Conditional Distribution
A conditional distribution of a variable describes the values of that variable among individuals who have a specific value of another variable. There is a separate conditional distribution for each value of the other variable.
Association
We say that there is an association between two variables if knowing the value of
one variable helps predict the value of the other.
Dotplot
A dotplot is a type of graphic display used to compare frequency counts within categories or groups. As you might guess, a dotplot is made up of dots plotted on a graph.
Mode
The mode is the most frequently appearing value in a population or sample.
Range
The range is a simple measure of variation in a set of random variables. It is difference between the biggest and smallest random variable.
Outlier
In regression analysis, a data point that diverges greatly from the overall pattern of data is called an outlier.
Symmetric
Symmetry is an attribute used to describe the shape of a data distribution. When it is graphed, a symmetric distribution can be divided at the center so that each half is a mirror image of the other.
Skewed Right
Distributions with fewer observations on the right (toward higher values) are said to be skewed right
Skewed Left
Distributions with fewer observations on the left (toward lower values) are said to be skewed left.
Unimodal
Distributions of data can have few or many peaks.

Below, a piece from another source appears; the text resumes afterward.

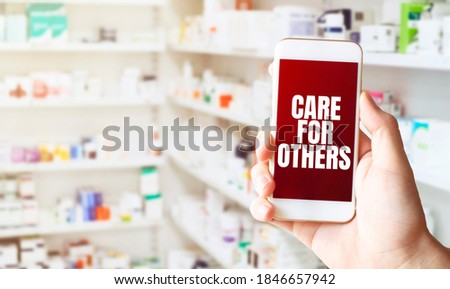 hand holding smart phone in pharmacy drugstore. Text CARE FOR OTHERs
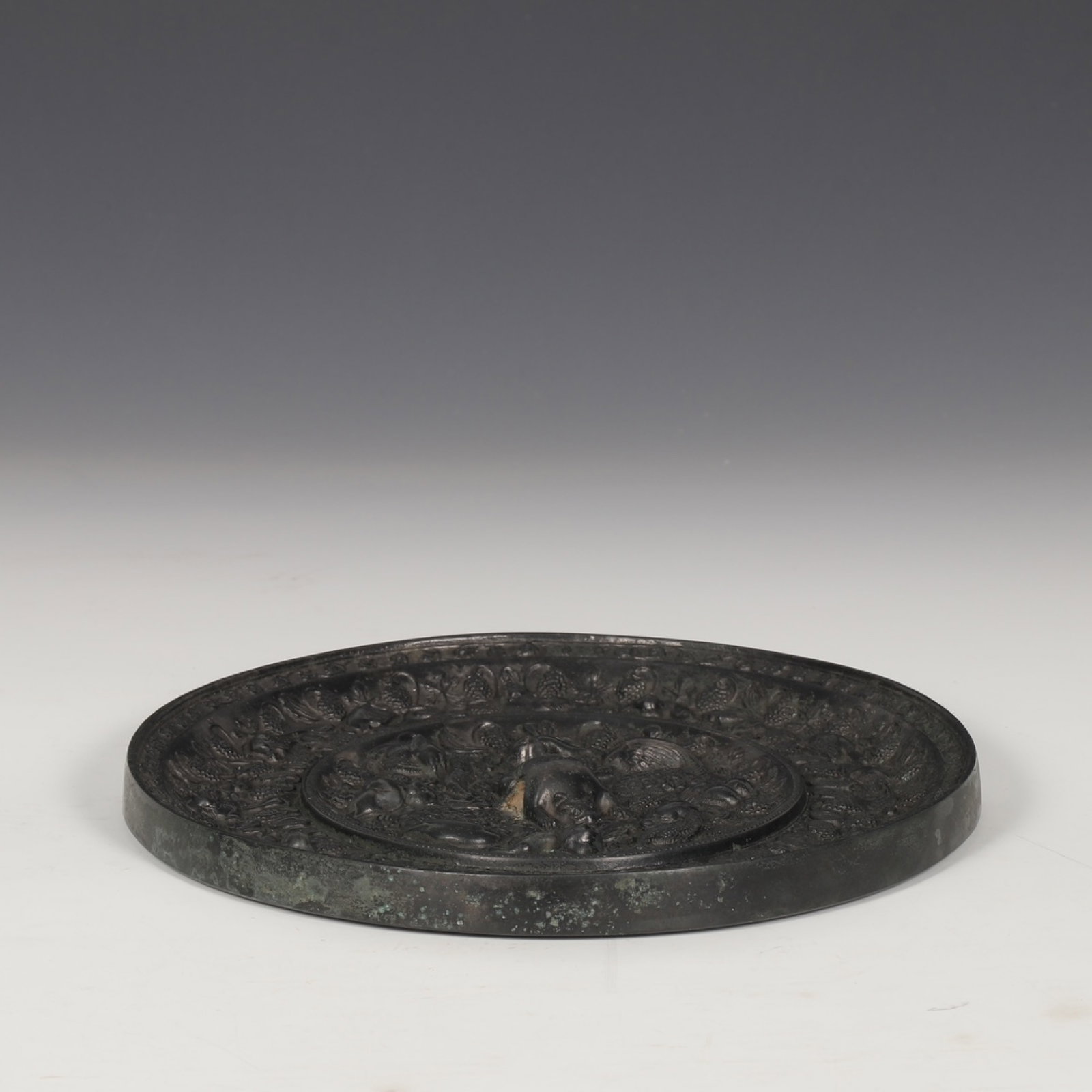 An Exquisite Bronze Seawater and Beast Pattern Mirror: An Exquisite Bronze Seawater and Beast Pattern Mirror,Tang Dynasty,China,Size:0.8inx8.7in 铜花卉兽纹镜子,中国唐代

Distributions with one clear peak are called unimodal
Bimodal
Distributions with two clear peaks are called bimodal.
Multimodal
Distributions with more than two clear peaks are called bimodal.
Stemplot
A stemplot is used to display quantitative data, generally from small data sets (50 or fewer observations).
Back-to-back Stem
Back-to-back stemplots are a graphic option for comparing data from two populations.
Histogram
A histogram is made up of columns plotted on a graph. Here is how to read a histogram.
Mean
A mean score is an average score, often denoted by X. It is the sum of individual scores divided by the number of individuals.
Median
The median is a simple measure of central tendency. To find the median, we arrange the observations in order from smallest to largest value. If there is an odd number of observations, the median is the middle value. If there is an even number of observations, the median is the average of the two middle values.
Interquartile Range
The interquartile range (IQR) is a measure of variability, based on dividing a data set into quartiles.
Boxplot
A boxplot, sometimes called a box and whisker plot, is a type of graph used to display patterns of quantitative data.
Standard Deviation
The standard deviation is a numerical value used to indicate how widely individuals in a group vary. If individual observations vary greatly from the group mean, the standard deviation is big; and vice versa.
Variance
The variance is a numerical value used to indicate how widely individuals in a group vary. If individual observations vary greatly from the group mean, the variance is big; and vice versa.